On Thursday 05 May 2016 14:58, DFS wrote:

> Want to whittle a list like this:
[...]
> Want to keep all elements containing only upper case letters or upper
> case letters and ampersand (where ampersand is surrounded by spaces)


Start by writing a function or a regex that will distinguish strings that 
match your conditions from those that don't. A regex might be faster, but 
here's a function version.

def isupperalpha(string):
    return string.isalpha() and string.isupper()

def check(string):
    if isupperalpha(string):
        return True
    parts = string.split("&")
    if len(parts) < 2:
        return False
    # Don't strip leading spaces from the start of the string.
    parts[0] = parts[0].rstrip(" ")
    # Or trailing spaces from the end of the string.
    parts[-1] = parts[-1].lstrip(" ")
    # But strip leading and trailing spaces from the middle parts
    # (if any).
    for i in range(1, len(parts)-1):
        parts[i] = parts[i].strip(" ")
     return all(isupperalpha(part) for part in parts)
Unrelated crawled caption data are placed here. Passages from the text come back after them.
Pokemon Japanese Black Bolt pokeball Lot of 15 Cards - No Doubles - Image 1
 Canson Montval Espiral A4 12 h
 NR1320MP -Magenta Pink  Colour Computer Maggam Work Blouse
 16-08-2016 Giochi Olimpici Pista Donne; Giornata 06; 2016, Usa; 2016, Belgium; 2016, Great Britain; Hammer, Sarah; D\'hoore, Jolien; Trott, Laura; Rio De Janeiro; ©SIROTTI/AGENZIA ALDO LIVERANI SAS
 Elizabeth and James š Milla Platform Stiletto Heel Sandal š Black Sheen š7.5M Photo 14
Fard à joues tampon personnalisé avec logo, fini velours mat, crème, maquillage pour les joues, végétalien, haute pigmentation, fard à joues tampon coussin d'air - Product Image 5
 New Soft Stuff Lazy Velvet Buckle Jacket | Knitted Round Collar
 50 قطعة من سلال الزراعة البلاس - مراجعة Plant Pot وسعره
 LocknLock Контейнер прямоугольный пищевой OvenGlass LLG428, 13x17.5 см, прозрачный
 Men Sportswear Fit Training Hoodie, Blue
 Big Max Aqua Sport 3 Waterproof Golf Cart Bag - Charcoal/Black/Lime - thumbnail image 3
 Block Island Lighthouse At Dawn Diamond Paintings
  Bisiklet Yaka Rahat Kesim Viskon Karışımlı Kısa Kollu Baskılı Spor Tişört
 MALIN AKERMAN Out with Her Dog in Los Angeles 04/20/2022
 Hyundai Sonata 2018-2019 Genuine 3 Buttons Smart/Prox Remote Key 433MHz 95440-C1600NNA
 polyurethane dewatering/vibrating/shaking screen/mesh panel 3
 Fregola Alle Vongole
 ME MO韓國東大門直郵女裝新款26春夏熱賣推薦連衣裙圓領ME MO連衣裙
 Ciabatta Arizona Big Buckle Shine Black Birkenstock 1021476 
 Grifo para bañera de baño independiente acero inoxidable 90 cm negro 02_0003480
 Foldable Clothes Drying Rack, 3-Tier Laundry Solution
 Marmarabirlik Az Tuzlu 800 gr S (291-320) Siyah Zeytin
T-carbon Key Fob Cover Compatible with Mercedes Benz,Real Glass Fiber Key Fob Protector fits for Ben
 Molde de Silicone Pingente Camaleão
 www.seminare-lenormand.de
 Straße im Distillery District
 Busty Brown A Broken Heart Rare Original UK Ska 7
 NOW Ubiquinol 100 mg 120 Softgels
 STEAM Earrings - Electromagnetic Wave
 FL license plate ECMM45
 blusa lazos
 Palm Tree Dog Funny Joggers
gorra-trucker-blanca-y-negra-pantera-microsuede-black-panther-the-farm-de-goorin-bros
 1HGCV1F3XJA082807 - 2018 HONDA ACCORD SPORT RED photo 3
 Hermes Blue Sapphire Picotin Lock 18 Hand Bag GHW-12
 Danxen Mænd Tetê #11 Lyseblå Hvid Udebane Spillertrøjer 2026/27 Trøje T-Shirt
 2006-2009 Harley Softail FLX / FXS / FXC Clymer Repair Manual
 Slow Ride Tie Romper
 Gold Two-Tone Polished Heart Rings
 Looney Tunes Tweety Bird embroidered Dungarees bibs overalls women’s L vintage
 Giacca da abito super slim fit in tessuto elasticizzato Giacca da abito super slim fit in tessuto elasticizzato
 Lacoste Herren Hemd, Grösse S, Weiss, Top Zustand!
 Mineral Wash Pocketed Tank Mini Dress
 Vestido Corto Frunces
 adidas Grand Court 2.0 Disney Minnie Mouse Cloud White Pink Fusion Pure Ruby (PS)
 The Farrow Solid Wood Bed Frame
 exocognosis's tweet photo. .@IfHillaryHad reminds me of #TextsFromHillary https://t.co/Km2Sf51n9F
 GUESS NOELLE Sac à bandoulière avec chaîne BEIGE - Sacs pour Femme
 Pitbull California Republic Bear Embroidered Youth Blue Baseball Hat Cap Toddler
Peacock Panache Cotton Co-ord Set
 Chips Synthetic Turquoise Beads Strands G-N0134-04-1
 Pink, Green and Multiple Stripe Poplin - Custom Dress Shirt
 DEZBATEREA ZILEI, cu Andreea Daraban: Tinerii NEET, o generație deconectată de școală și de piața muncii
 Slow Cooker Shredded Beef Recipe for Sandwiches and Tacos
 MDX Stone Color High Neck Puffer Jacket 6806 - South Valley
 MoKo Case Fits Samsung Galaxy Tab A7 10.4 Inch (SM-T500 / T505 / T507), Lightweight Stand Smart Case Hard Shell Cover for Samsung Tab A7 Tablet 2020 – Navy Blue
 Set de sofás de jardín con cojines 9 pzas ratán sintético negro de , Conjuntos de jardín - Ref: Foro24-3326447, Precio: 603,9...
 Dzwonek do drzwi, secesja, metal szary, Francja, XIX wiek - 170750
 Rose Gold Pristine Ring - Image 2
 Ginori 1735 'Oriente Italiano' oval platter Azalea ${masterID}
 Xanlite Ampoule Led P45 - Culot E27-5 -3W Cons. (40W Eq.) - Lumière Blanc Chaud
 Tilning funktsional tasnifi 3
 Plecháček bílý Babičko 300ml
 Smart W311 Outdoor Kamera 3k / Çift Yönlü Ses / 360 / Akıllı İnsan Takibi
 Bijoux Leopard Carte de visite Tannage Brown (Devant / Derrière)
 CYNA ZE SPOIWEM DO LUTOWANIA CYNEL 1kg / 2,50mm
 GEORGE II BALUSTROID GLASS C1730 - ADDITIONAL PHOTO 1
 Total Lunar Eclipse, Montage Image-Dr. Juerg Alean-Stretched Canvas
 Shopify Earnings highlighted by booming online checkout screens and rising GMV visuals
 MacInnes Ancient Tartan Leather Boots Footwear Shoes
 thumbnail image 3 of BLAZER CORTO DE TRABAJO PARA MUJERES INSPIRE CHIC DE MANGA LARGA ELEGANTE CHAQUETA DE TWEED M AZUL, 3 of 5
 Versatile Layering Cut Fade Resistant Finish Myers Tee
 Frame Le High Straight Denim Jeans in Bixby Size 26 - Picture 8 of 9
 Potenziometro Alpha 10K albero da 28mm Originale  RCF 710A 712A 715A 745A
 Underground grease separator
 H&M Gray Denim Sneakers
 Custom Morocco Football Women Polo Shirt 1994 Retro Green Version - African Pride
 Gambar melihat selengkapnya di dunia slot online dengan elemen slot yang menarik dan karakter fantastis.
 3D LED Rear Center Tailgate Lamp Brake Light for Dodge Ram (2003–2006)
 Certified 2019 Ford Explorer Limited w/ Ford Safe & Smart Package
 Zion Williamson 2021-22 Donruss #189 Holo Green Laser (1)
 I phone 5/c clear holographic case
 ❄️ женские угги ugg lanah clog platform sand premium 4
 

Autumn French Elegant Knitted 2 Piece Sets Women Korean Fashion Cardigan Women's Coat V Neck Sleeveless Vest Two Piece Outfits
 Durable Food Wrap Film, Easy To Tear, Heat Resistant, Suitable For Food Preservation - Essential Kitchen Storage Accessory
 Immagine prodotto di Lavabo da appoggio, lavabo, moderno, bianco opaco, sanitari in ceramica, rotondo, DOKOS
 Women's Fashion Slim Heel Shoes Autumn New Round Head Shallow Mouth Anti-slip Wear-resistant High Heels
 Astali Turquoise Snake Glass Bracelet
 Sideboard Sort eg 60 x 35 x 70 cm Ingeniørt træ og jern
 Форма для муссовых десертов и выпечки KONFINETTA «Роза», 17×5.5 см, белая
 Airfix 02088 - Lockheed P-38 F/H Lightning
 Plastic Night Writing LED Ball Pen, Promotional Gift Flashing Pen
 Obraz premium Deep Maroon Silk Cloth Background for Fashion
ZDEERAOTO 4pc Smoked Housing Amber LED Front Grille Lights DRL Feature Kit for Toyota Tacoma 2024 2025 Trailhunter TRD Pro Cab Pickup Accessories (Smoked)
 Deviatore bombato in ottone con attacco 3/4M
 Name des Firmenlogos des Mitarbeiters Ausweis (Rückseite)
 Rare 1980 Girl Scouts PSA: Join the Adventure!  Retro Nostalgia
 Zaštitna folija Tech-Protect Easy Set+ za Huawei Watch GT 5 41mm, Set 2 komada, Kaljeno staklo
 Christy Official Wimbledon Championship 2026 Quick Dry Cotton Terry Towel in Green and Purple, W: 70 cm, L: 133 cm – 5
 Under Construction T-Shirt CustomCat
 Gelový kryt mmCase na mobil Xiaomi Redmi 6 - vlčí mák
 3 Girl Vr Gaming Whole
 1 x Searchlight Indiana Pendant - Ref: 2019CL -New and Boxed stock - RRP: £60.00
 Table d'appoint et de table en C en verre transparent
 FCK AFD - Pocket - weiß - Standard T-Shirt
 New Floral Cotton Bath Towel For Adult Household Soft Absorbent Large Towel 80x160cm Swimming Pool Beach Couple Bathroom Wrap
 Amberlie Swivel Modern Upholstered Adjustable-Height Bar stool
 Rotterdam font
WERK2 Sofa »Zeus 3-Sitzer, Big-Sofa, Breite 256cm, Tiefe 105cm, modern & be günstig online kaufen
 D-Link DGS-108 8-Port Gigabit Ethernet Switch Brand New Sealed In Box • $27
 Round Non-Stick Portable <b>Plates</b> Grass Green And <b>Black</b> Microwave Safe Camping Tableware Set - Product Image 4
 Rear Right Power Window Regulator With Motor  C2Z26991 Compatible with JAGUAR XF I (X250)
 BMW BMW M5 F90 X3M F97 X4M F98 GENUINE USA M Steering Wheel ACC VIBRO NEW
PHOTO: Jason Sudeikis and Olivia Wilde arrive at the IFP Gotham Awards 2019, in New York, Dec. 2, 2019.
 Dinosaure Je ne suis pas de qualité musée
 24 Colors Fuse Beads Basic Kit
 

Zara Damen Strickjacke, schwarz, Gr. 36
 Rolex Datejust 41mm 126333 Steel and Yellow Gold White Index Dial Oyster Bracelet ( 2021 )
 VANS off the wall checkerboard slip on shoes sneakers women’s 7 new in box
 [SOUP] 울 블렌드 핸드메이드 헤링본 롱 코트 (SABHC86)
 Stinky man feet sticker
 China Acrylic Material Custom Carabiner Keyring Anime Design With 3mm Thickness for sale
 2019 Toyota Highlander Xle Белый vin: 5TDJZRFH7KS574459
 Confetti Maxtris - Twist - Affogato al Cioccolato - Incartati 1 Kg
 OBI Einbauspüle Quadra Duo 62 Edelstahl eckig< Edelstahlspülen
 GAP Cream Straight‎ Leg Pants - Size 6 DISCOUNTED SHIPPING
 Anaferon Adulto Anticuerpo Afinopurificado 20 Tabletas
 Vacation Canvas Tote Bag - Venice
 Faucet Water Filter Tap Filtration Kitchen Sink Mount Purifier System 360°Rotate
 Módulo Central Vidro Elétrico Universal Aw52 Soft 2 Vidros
Now you have two ways of filtering this. The obvious way is to extract 
elements which meet the condition. Here are two ways:

# List comprehension.
newlist = [item for item in oldlist if check(item)]

# Filter, Python 2 version
newlist = filter(check, oldlist)

# Filter, Python 3 version
newlist = list(filter(check, oldlist))


In practice, this is the best (fastest, simplest) way. But if you fear that 
you will run out of memory dealing with absolutely humongous lists with 
hundreds of millions or billions of strings, you can remove items in place:


def remove(func, alist):
    for i in range(len(alist)-1, -1, -1):
        if not func(alist[i]):
            del alist[i]


Note the magic incantation to iterate from the end of the list towards the 
front. If you do it the other way, Bad Things happen. Note that this will 
use less memory than extracting the items, but it will be much slower.

You can combine the best of both words. Here is a version that uses a 
temporary list to modify the original in place:

# works in both Python 2 and 3
def remove(func, alist):
    # Modify list in place, the fast way.
    alist[:] = filter(check, alist)




-- 
Steve